There is also a potential knock-on effect that the New York decision may unleash. If it is already politically risky to even mention or propose congestion charging in the rest of the United States, the New York case may bring a kind of iron curtain down on the entire idea. And it’s important to note that many American cities have been “studying the idea” of road-charging for decades while taking no action whatsoever. So, it’s encouraging that the state and city of New York did in fact take the step, but it’s equally amazing the executive of the state has decided to bring the high drama of its disabling upon herself, and her administration.
As we know, transportation is now the top emitting sector in the United States so anyone who claims to be serious about fighting emissions must not just admit to the problem, but must do something about it. And what we find again and again is that the majority of Democratic voting populations across the United States are not serious about fighting emissions at all. Instead, they prefer to think they are. This is the inconvenient truth that many left-leaning writers who cover climate change would prefer to ignore. It’s so much easier to finger the open hostility to climate policy among the right than to admit that this huge deadweight from the left is also structural to our inability to make progress. And, the outlook is very dim. The only policy left standing in the US to reduce transport emissions is the adoption of electric vehicles. That single-bullet solution is deeply-flawed, of course, because of the length of time it takes to turn the fleet over. If your only solution is to electrify, then you are choosing to delay transportation sector emissions declines into next decade.

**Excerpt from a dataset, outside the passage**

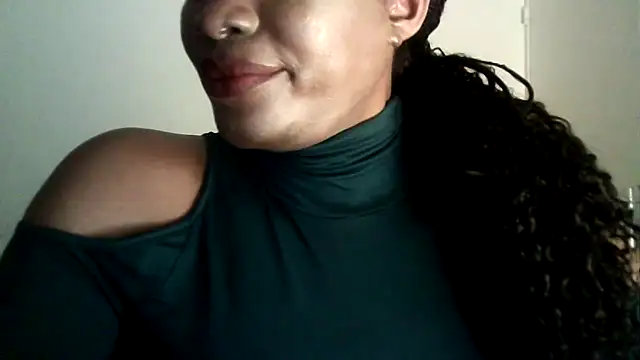 Chatdoll2 webcam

There are many tragedies here. A big one: the US has the power to finally kick oil consumption off a 20 year oscillating plateau (a great example of how long the condition of peak can endure, without any meaningful decline). Were the US to introduce such schemes across many cities, we would finally see petroleum use decline. That would send a shockwave through the oil market (already under pressure from overcapacity) and would shift the timeline of the oil age as the world’s number one oil consumer embarked on a new era. Well, it’s a nice thought, regardless.